Dinî Hak ve Özgürlükler
Fransa’da dinî hak ve özgürlükler, laikliğin temelini oluşturan “9 Aralık 1905 tarihli Devlet ve Kiliselerin Ayrılması Hakkında Yasa” (Loi du 9 décembre 1905 concernant la séparation des Eglises et de l'Etat) ile teminat altına alınmıştır. Bu yasa 45 maddelik bir metindir ve ilk iki maddesi laikliğin özgürlük, tarafsızlık ve eşitlik prensiplerini tanımlamaktadır. Bu tarihten sonra Fransa’da anayasa değişiklikleri ve AB’ninkiler başta olmak üzere uluslararası yasal düzenlemelerle dinî özgürlük ve eşitlik prensipleri daha da güçlendirilmiştir.
1958 tarihli Fransa Anayasası: “Fransa bölünmez, laik, demokratik, sosyal bir cumhuriyettir. O, etnik köken, ırk ya da din ayrımı gözetmeksizin bütün vatandaşların yasa önünde eşitliğini güven altına alır. Bütün inançlara saygılıdır.” maddesiyle başlamakta ve ayrımcılığı reddetmektedir. Bu tarihten sonra Fransa tarafından 3 Mayıs 1974 tarihinde imzalanan İnsan Haklarının ve Temel Özgürlüklerinin Korunmasına İlişkin Avrupa Sözleşmesi’nin 9. maddesinde de düşünce, din ve vicdan özgürlükleri vurgulanmaktadır. Ayrıca uluslararası yasaların da Fransa gibi AB ülkeleri için bağlayıcılığı olması, temel dinî hak ve özgürlükler açısından önem arz etmektedir.
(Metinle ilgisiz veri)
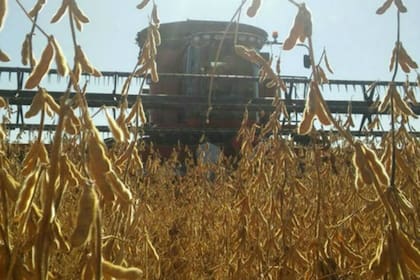 Según las entidades, el incremento de impuestos también para la venta de insumos también afectará a los productores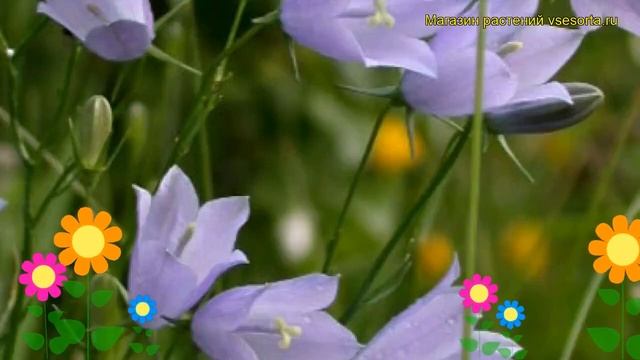 Колокольчик круглолистный. Краткий обзор, описание характеристик campanula takesymana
Ancak bütün bu yasalara rağmen Fransa’da Müslümanların dinî hak ve özgürlükleri konusunda son yıllarda giderek artan oranda bir kısıtlama gözlenmekte ve İslam dini bir sorun olarak görülmektedir.
Fransa’da Müslümanların hak ve özgürlükleri söz konusu olduğunda, doğrudan ve fiziki ihlallerden ziyade İslam’ın ve Müslümanların kendisi bir problem olarak masaya yatırılmakta, bu durum da toplumda İslamofobinin artmasına yol açmaktadır. Müslüman bir kadın başörtüsü yüzünden ayrımcılığa uğradığında, Fransız kamuoyu konuyu ayrımcılık ekseninde ele almak yerine, başörtüsünün aslında neyi simgelediğini tartışmaktadır. Müslümanların namaza gitmeleri, sakal bırakmaları, oruç tutmaları bile kamusal bir tehdit olarak görülebilmektedir.
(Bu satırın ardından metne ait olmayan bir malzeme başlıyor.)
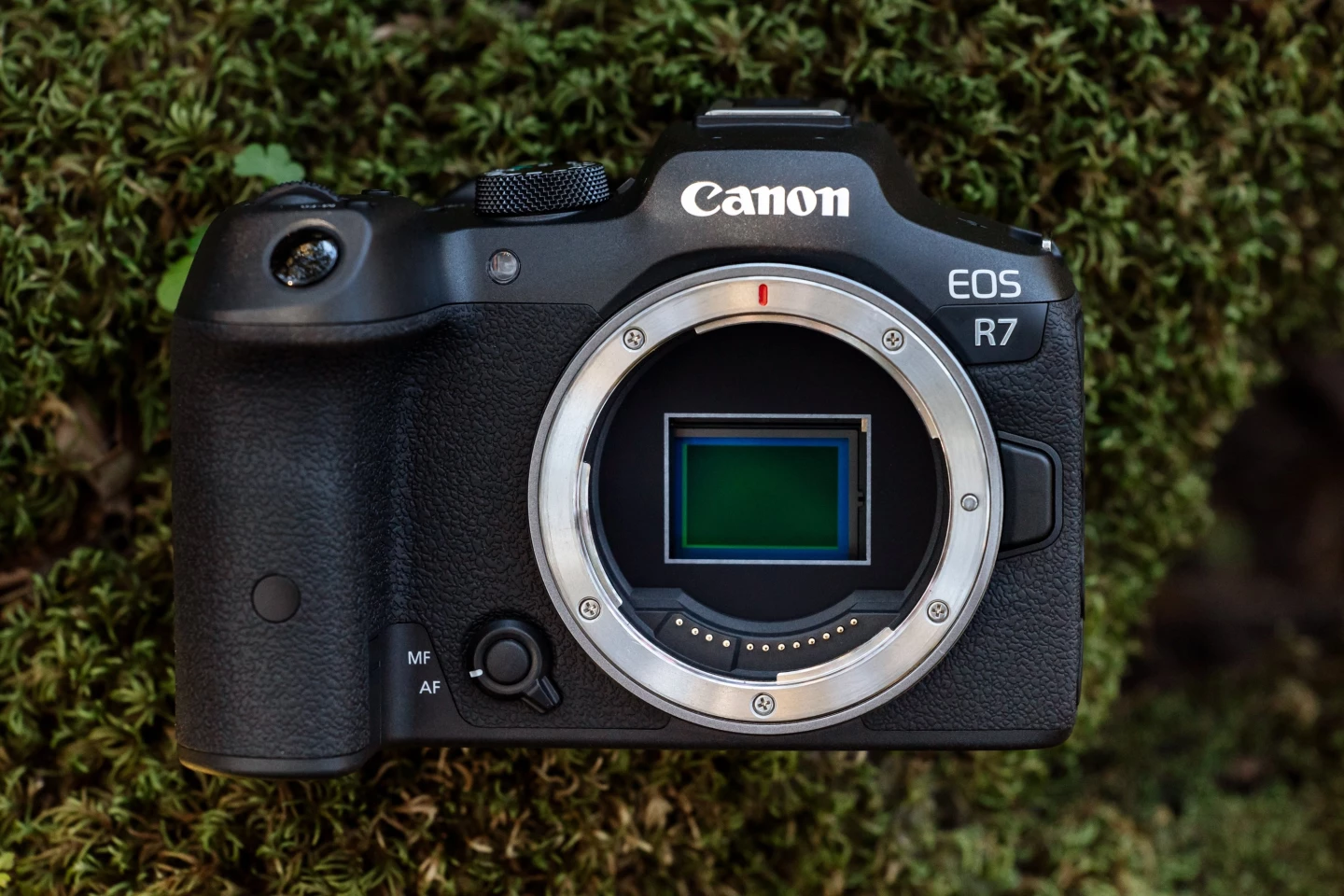 The EOS R7 is built around a newly developed 32.5-MP APS-C image sensor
Fransa’da İslamofobi ile Mücadele Kolektifi (CCIF) tarafından yayımlanan bir rapora göre, 2019 yılında ülkede toplam 789 İslamofobik saldırı meydana gelmiştir. İslamofobik suçlar 2018’e göre %17, 2017 yılına göre ise %77 oranında artmıştır. %59’u ayrımcılık üzerinden vuku bulan bu eylemlerin büyük çoğunluğu kadınlara yönelik olarak gerçekleşmiştir. Kamu hizmeti veren kurumlarda Müslümanları hedef alan ayrımcılık vakalarının sayısı 369 iken, özel sektördeki işletmelerde 197 ayrımcılık vakası kaydedilmiştir. Bu durum Fransa’da İslamofobinin ve yabancı düşmanlığının aslında aşağıdan yukarıya değil, devlet söylemleri ve eylemleriyle yukarıdan aşağıya, devletten halka yayıldığını göstermektedir.
Cami Meselesi
Fransa’da dinî hak ve özgürlüklerin ihlali konusunda gündeme gelen başlıklardan biri cami meselesidir. Ülkede cami sayısının yetersiz olması, cami yapımındaki finansman sorunu ve İslamofobinin etkisiyle camilere yönelik saldırılar, cami meselesinin ana hatlarını oluşturmaktadır.
Fransa İçişleri Bakanlığı verilerine göre ülkede 2.500 civarında cami vardır ve 400 kadar cami de inşaat hâlindedir.
Yıl |
Toplam Cami Sayısı |
1976 |
150 |
1985 |
900 |
2000 |
1.536 |
2012 |
2.449 |
Kaynak: Le Monde, 08.04.2015; Le Parisie, 07.12.09.
Fransa’daki camiler genellikle farklı ülke vatandaşlarının kendi içlerinde kurdukları dernekler bünyesinde idare edilmektedir. Camilerin yapımı, onarımı ve diğer giderleri dernek üyeleri ve cemaat tarafından karşılanmaktadır. Fransa’daki camilerin bağlı olduğu organizasyon ve dernekler genel olarak şunlardır:
- Fas kökenli Müslümanlar tarafından kurulan Rassemblement des Musulmans de France: 500 cami
- Cezayir kökenli Müslümanları etrafında toplayan Fédération de la Grande Mosquée de Paris: 100 cami
- Pakistan kökenli Tebliğ Cemaati Derneği: 180 cami
- Müslüman Kardeşlere yakın olan Uniondes Organisations Islamiques de France: 65 cami
- Türk kökenli Müslümanların bağlı olduğu DİTİB: 260 cami
- Millî Görüş: 51 cami
Bunlar dışında, ülkede Alevi azınlığa ait farklı derneklere bağlı 36 Alevi Kültür Merkezi de vardır.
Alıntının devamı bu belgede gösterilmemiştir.